Akuilah, jika anda bukanlah fans Leicester City namun turut merasakan kebahagiaan yang sama, tak peduli apakah anda fans Chelsea, Arsenal, Tottenham, atau duo Manchester. Tentu rasanya berbeda jika anda adalah fans Arsenal yang menyaksikan Chelsea juara atau sebaliknya. Atau jika anda adalah fans Manchester City yang menyaksikan sang rival sekota atau sebaliknya. Lupakan rivalitas, karena Leicester City benar-benar menyajikan sebuah sepakbola, lengkap dengan passion dan kejutan, serta keberuntungan. Tangan Claudio Ranieri dan Wes Morgan bersama-sama mengangkat trofi Liga Inggris disertai teriakan kebahagiaan dari seluruh pemain dan penonton yang menjadi saksi mata, apalagi mereka yang benar-benar menyaksikan perjuangan Leicester dari ketika masih berada di divisi 2 Liga Inggris pada musim 2013-14. Meraih tiket promosi pada musim 2014-15 dan berjuang menghindari degradasi sampai finis di peringkat 14. 2015-16, begitu spesial, semua dongeng bermetamorfosis menjadi kenyataan.

 

Jangan lupakan Thailand juga. Karena Vichai Srivaddhanaprabha, sang chairman tentu merasakan betul perjuangan dari Leicester City. Keputusannya mengganti Nigel Pearson dan menggantinya dengan Claudio Ranieri sangatlah tepat. Vichai membeli klub tersebut pada Agustus 2011. Vichai juga adalah pemilik dari sponsor klub tersebut, King Power Duty Free. Serta anaknya, Aiyawatt Srivaddhanaprabha menjadi vice-chairman di klub tersebut. Di negeri asalnya, Thailand, Leicester pun dianggap sebagai kesebelasan asal Thailand.

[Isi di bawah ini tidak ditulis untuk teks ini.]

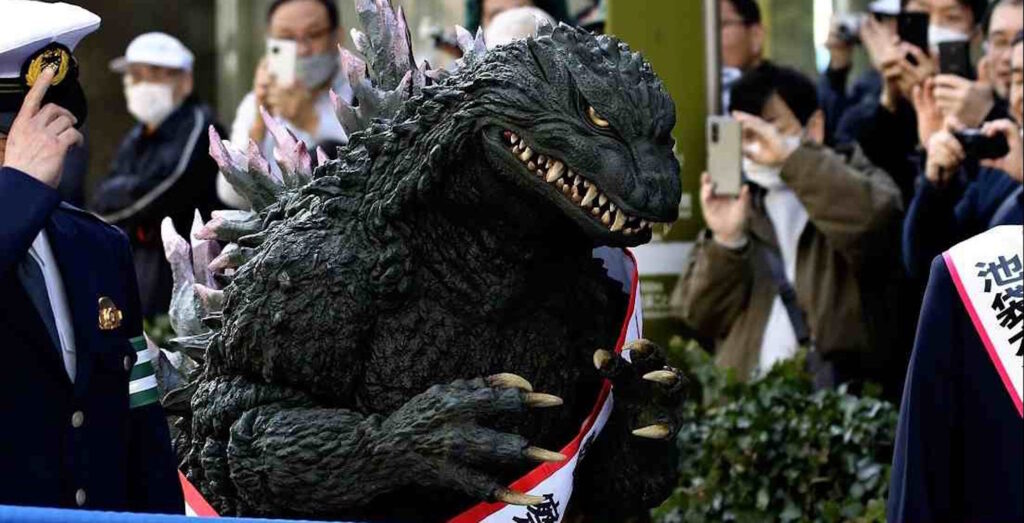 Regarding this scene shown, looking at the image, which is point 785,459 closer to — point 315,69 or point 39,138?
point 39,138

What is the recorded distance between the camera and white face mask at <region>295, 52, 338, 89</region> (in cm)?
886

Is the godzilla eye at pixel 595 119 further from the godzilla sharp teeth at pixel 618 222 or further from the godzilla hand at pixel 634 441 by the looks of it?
the godzilla hand at pixel 634 441

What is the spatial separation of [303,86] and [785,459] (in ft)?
11.1

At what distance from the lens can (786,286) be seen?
7855 millimetres

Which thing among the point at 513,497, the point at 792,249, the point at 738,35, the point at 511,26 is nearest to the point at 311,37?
the point at 738,35

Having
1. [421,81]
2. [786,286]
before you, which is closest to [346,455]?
[421,81]

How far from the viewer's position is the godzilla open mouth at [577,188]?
3930mm

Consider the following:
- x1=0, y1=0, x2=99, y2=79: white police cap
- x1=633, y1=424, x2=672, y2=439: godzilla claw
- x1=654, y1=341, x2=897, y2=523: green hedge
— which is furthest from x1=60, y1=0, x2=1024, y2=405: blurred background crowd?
x1=633, y1=424, x2=672, y2=439: godzilla claw

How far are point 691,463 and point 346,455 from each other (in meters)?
2.84

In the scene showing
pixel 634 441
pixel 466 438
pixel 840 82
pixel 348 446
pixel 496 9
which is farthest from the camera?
pixel 840 82

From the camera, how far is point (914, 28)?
781cm

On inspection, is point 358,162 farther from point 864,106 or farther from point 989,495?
point 864,106

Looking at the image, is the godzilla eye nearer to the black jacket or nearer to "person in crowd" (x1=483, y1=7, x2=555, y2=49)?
the black jacket

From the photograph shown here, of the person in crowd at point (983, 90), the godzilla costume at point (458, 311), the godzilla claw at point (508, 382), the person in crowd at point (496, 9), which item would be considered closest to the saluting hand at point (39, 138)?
the godzilla costume at point (458, 311) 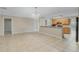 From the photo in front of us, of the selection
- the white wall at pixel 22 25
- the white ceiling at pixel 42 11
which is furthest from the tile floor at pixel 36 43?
the white ceiling at pixel 42 11

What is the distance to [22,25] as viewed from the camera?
7.95ft

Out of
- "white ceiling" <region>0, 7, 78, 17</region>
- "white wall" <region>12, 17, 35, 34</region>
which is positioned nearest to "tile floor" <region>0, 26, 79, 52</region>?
"white wall" <region>12, 17, 35, 34</region>

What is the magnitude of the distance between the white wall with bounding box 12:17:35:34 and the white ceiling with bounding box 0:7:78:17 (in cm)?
12

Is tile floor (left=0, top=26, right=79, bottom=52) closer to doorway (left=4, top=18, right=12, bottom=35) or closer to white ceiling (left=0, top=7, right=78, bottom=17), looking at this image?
doorway (left=4, top=18, right=12, bottom=35)

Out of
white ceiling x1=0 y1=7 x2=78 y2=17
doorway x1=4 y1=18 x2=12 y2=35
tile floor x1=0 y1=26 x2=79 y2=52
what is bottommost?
tile floor x1=0 y1=26 x2=79 y2=52

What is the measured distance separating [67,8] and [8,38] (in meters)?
1.53

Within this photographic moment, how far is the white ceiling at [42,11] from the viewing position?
2145 millimetres

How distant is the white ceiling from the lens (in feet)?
7.04

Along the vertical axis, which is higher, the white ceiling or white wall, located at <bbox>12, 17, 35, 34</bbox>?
the white ceiling

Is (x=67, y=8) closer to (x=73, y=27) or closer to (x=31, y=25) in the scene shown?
(x=73, y=27)

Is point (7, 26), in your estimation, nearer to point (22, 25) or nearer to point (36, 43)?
point (22, 25)

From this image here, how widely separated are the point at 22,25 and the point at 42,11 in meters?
0.63

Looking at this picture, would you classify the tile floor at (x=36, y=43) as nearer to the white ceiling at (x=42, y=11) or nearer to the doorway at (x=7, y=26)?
the doorway at (x=7, y=26)

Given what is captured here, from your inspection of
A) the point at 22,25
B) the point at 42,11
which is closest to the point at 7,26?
the point at 22,25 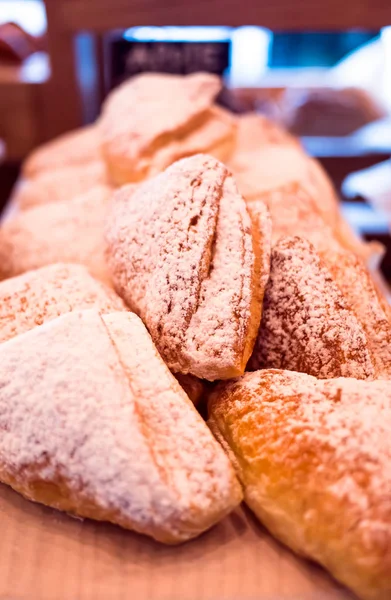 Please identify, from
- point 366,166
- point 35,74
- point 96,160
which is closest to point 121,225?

Tentu jasa Vichai dan Aiyawatt sangatlah besar dalam mengharumkan nama Thailand di Inggris, seketika menjadi sorotan publik karena ia bukanlah sugar daddy layaknya Sheikh Mansour ataupun Roman Abramovich.

 

Tiga Negara yang mensukseskan Leicester City. Thailand, pundi-pundi uang serta kebijakan berawal dari sang pemilik, Vichai Srivaddhanaprabha. Inggris, sebagai negeri di mana mereka bernaung, berjuang, dicemooh, sampai pada titik klimaksnya mereka dipuja habis-habisan. Seperti halnya tim Inggris lainnya, skuad Leicester pasti mayoritas berkebangsaan Inggris, termasuk si pencetak gol terbanyak, Jamie Vardy. Italia, sentuhan magis ala Italia dari Claudio Ranieri menjadi dalang rentetan kesuksesan. Juga perayaan juara yang banyak mengandung unsur Italia yang terselubung.

“Nessun dorma! Nessun dorma!
Tu pure, o, Principessa,
Nella tua fredda stanza,
Guardi le stelle
Che tremano d’amore
E di speranza…”

Tiada yang terlelap! Tiada yang terlelap!

Begitupun engkau, oh, Sang Putri

Dalam dinginnya peraduanmu

Memandangi bintang-bintang nan berkelip

Untuk asmara  dan harapan

 

“Tramontate, stelle! All’alba vincera!”

Terbenamlah bintang-bintang! Saat fajar nanti, ku kan menang!